On trial will be a $385,000 "Gunderboom'' fabric filter system. The system is basically a curtain hanging down from a floating rod (the boom) out in the lake. Water is allowed to pass through the filter into the swimming area but it screens out unwelcome microbes.
"This is actually getting at the problem,'' said parks Supt. David Doig. "It is exciting because it attempts to address how we keep the bacteria out of the beach area.''
Richard Whitman of the U.S. Geological Survey welcomes the experiment.
"If it works, it'll be a ground-breaking model,'' he said.
The project still must be approved by the park board.
For years, 63rd Street Beach has been closed to swimmers a frustrating number of days each summer.
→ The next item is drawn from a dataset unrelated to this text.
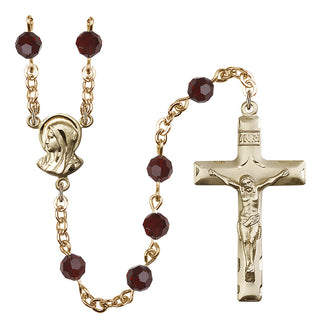 Gold Plated 6mm Austrian Crystal Madonnna Mary Rosary in Garnet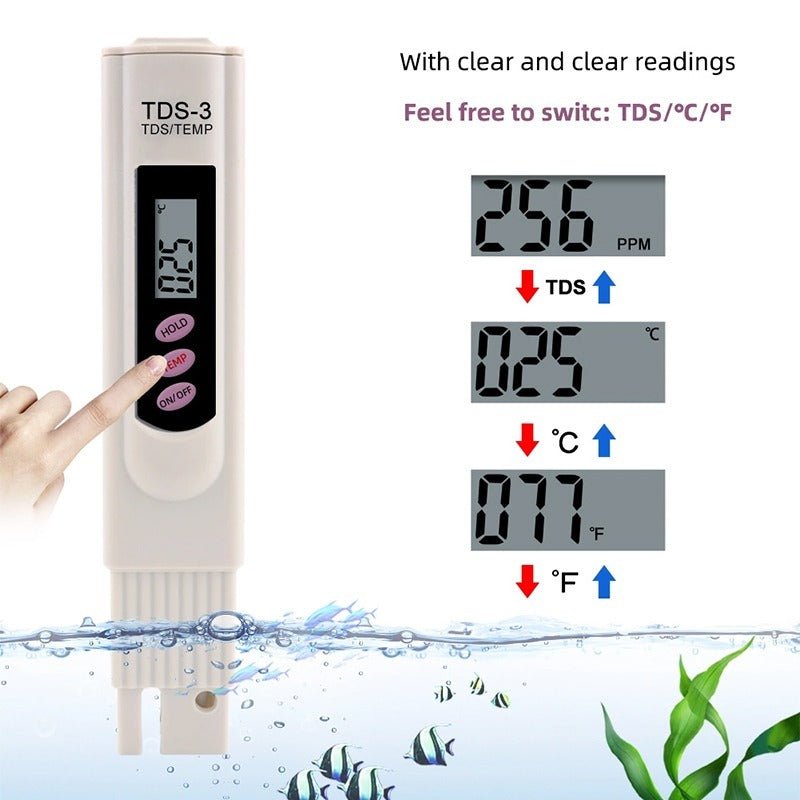 Portable Pen Digital Tester Tds 3 Meter Filter Measuring Water High Quality Purity(Random Color) - AlSODEAL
It consistently shows the highest daily counts of E. coli among all the lakefront beaches during the swimming season, park officials say.
The source of the bacteria is a mystery. Possible culprits include seagulls and pets. A leaky sewage pipe was thought to be a big source and patched. However, other suspects are the very shallow water level and the curved shoreline that creates a cove.
The Gunderboom system was developed by engineers in Anchorage, Alaska, who were on hand in 1989 when oil from the Exxon Valdez threatened the shore. The system is named for engineer Bill Gunderson.
Next spring, 30 days before Memorial Day when beaches open, the Gunderboom patented filter will be dropped into Lake Michigan--hanging it from an 1,800-foot C-shaped rubberized boom filled with Styrofoam to keep it afloat. It will protect a 1,000-foot stretch of beach.
"We guarantee a minimum of 50 percent reduction in bacteria and/or . . . safe swimming levels,'' said Jim Miner, executive vice president of Gunderson's company, PN&D Engineering. "It should be safe every day for swimming.''
The fabric is made of polypropylene and polyester, and looks a bit like tough black felt. The curtain will be sealed to the lake floor by a nonpermeable skirt. Each end is fastened down on land, and several points are anchored under water.
Bathers on the beach will be able to see the boom in the water, 10 inches to a foot above the surface and 600 feet out at the farthest point.
A pump will be installed, ready to move water from inside the boom area to outside, if, say, a storm sends waves over the top and inside the swimming area and the bacteria count rises.